Artículo 48. Los servicios de los laboratorios serán de dos tipos: internos y externos.

Articulo 49. Los servicios internos serán gratuitos, y son aquellos servicios prestados a

usuarios internos que tengan por objeto cumplir con alguna de las funciones sustantivas

de la Universidad, siempre y cuando no represente un gasto no autorizado previamente.
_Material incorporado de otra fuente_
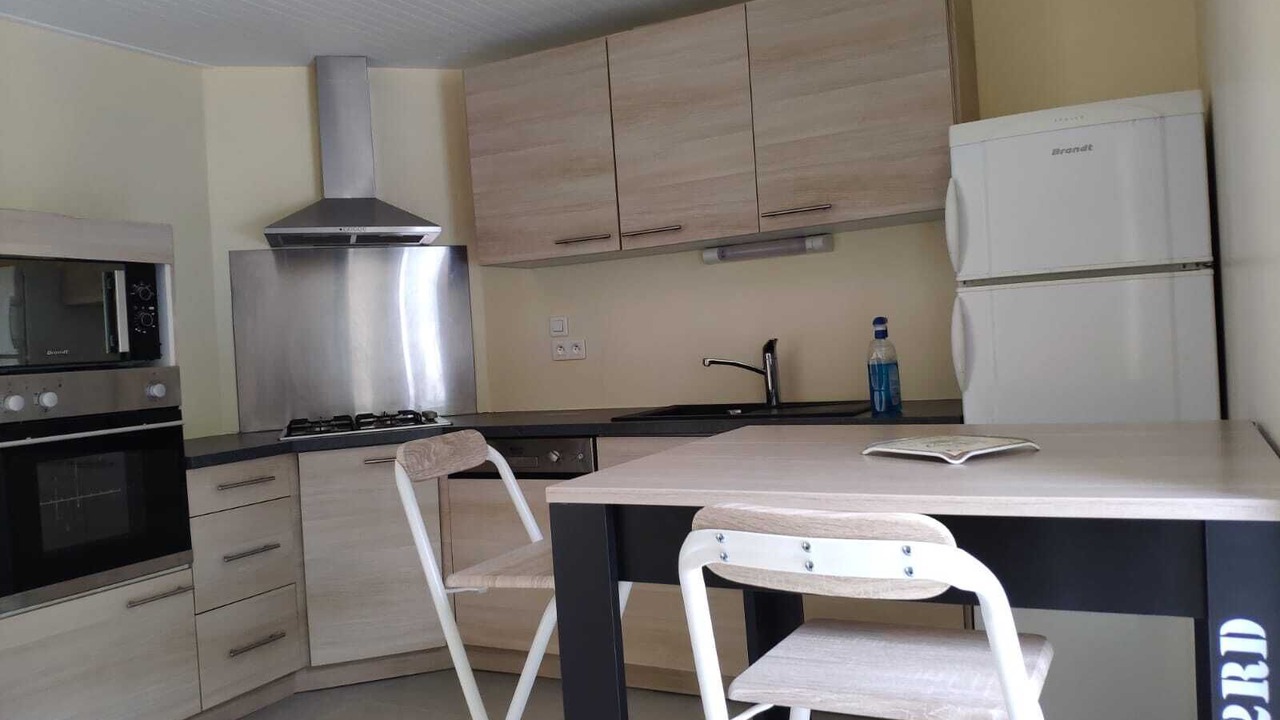 Photo of Kitchen in Saint-Lyphard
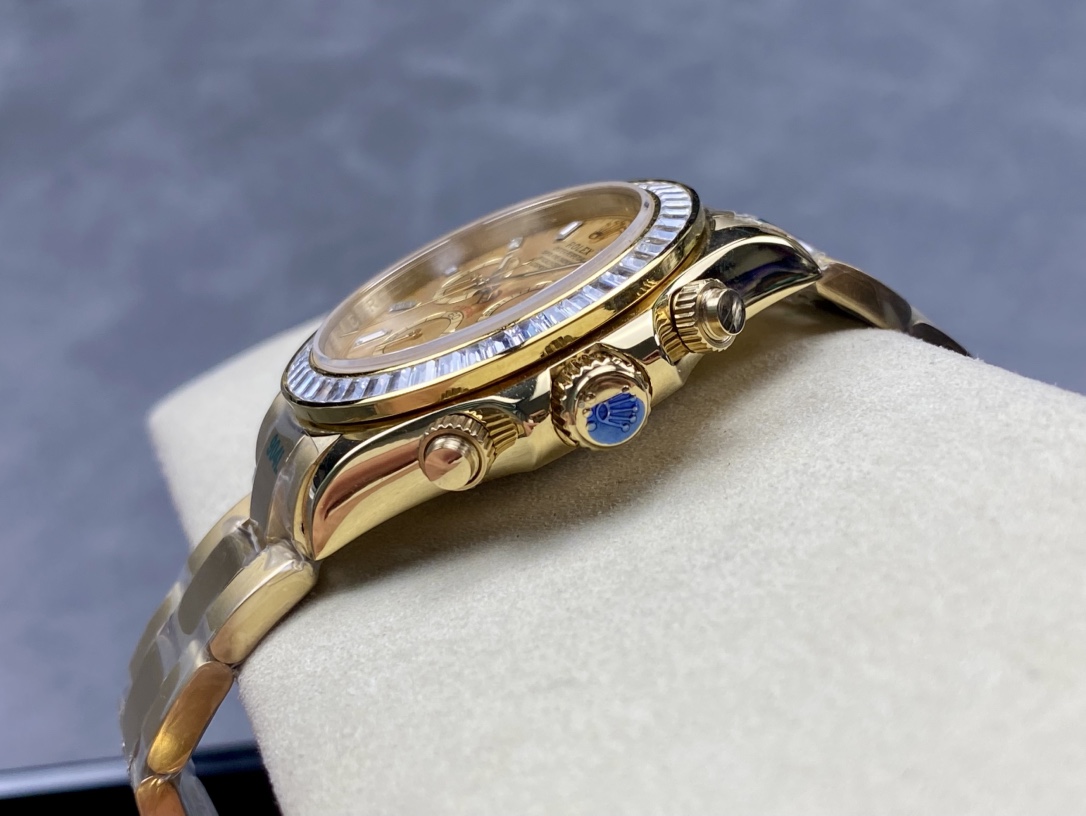 SK Factory 劳力士Rolex 迪通拿シリーズ 40mm全自動機械式腕時計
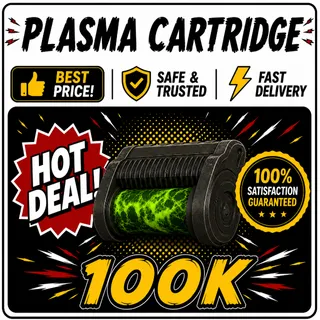 Plasma Cartridge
Artículo 50. Tratándose de los servicios a los usuarios a que se refiere la fracción III del

artículo 18 del presente reglamento, los laboratorios, clínicas y talleres, les proporcionarán

aquellos que son de carácter general; en tanto que el costo de reactivos o materiales

específicos relacionados con las tesis de titulación, los cubrirá la Universidad, siempre y

cuando se tenga la autorización previa del presupuesto respectivo.

2.- Medidas de Seguridad en los Laboratorios, Talleres, Clínicas y Actividades

Extramuros

1. Las sustancias que se manejan comúnmente en el laboratorio y/ó taller son altamente

contaminantes. Como UNIVERSITARIOS tenemos gran compromiso con el cuidado del

medio ambiente y en consecuencia debemos desecharlas adecuadamente conforme a las

indicaciones que te indique tu catedrático. “NO DESECHES TUS SOLUCIONES,

RESIDUOS O PRODUCTOS DIRECTAMENTE EN LA TARJA”, utiliza los contenedores

correspondientes al tipo de sustancia en particular.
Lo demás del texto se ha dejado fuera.